● ACTIVITY:
Without the pictures, set down every record below exactly as it reads.

● RECORDS:

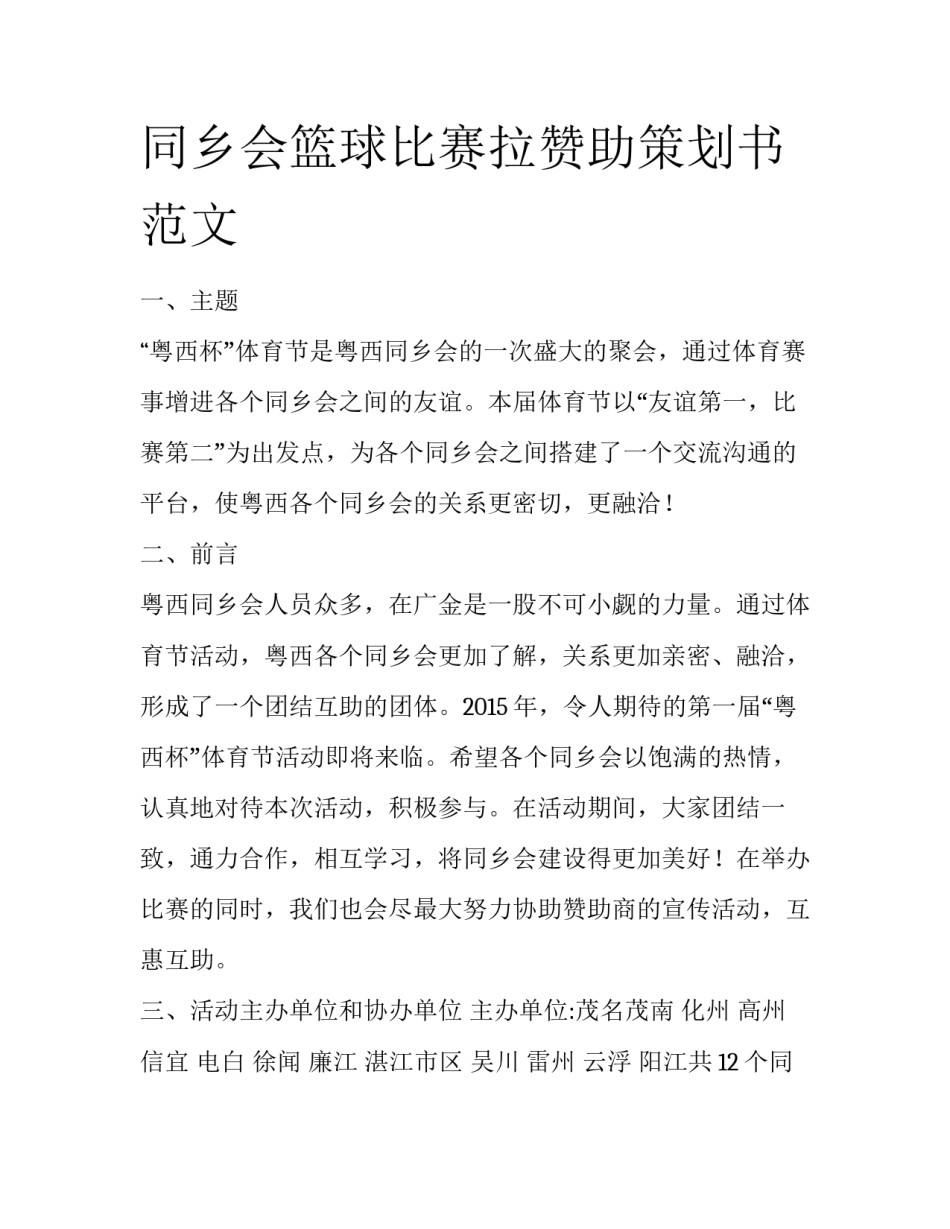 同乡会篮球比赛拉赞助策划书范文_第1页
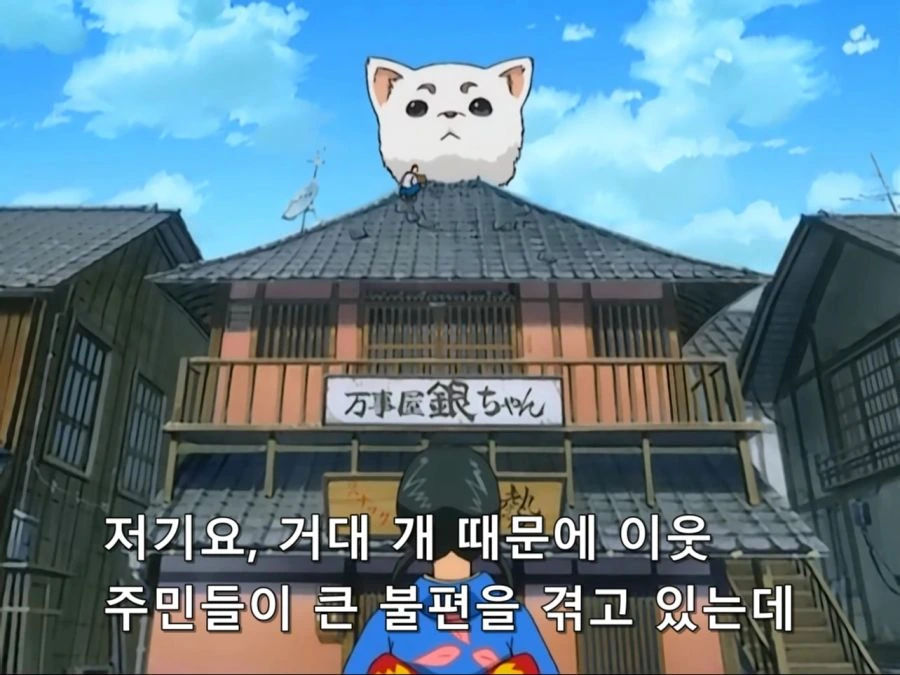 [은혼]하나노 아나운서의 굴욕 - 이미지 2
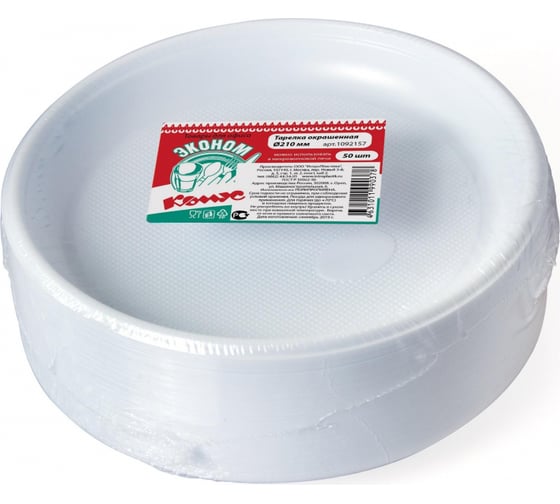 Изображение товара Одноразовая пластиковая тарелка Комус Эконом 210 мм белая 50 штук в упаковке 1092157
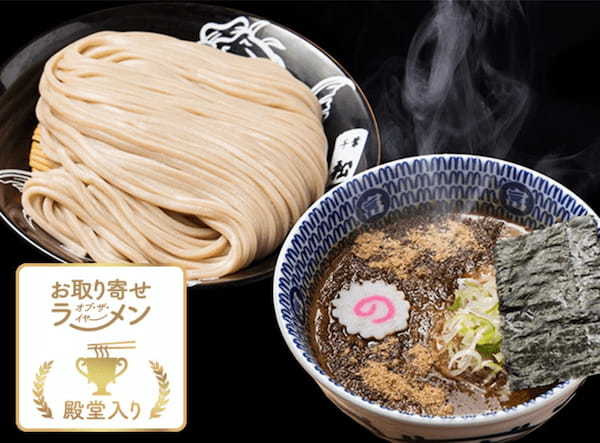 本日開業「CoCoLo新潟」に出店の「HANAGATAYA」にて、「宅麺.com」で人気のラーメン5種の販売を開始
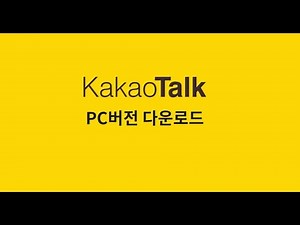 카카오톡 pc버전 다운로드 방법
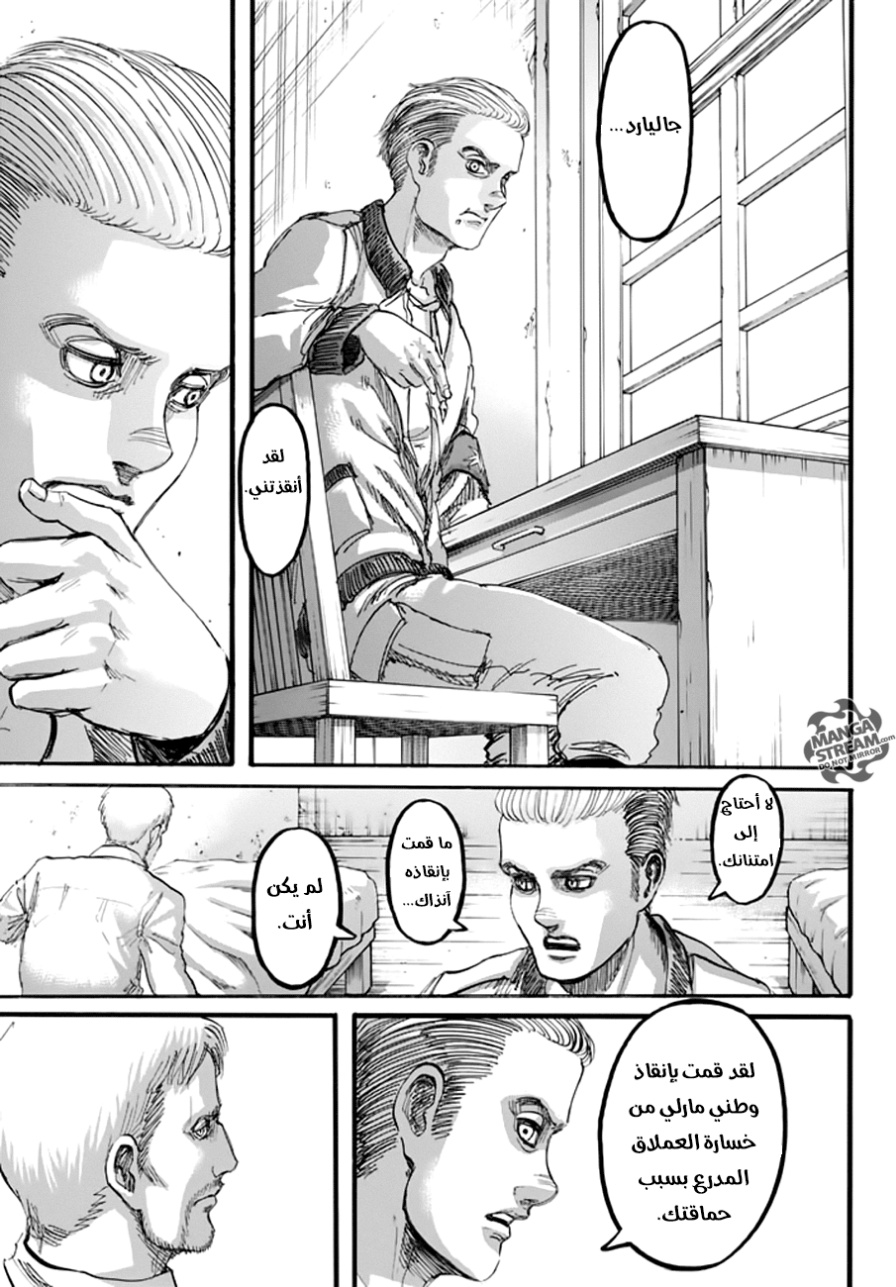 Read Shingeki no Kyojin AR Manga Online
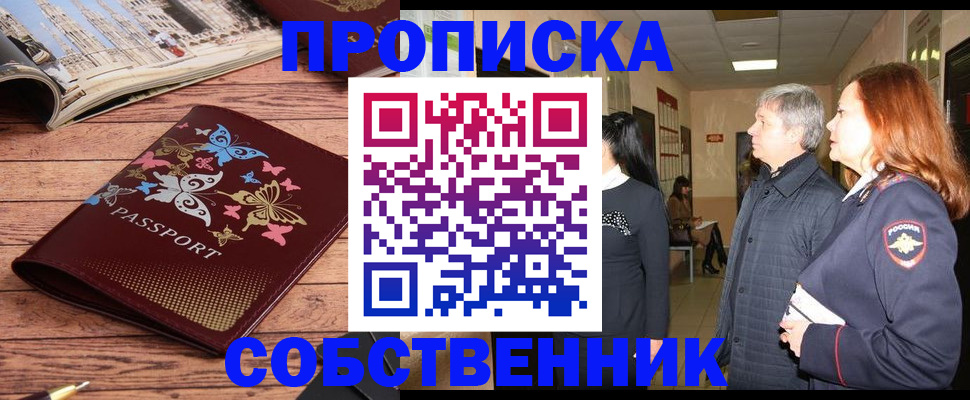 прописка ребенка в Суворове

● OUTPUT FOR THIS EXERCISE:
 同乡会篮球比赛拉赞助策划书范文_第1页
 [은혼]하나노 아나운서의 굴욕 - 이미지 2
 Изображение товара Одноразовая пластиковая тарелка Комус Эконом 210 мм белая 50 штук в упаковке 1092157
 本日開業「CoCoLo新潟」に出店の「HANAGATAYA」にて、「宅麺.com」で人気のラーメン5種の販売を開始
 카카오톡 pc버전 다운로드 방법
 Read Shingeki no Kyojin AR Manga Online
 прописка ребенка в Суворове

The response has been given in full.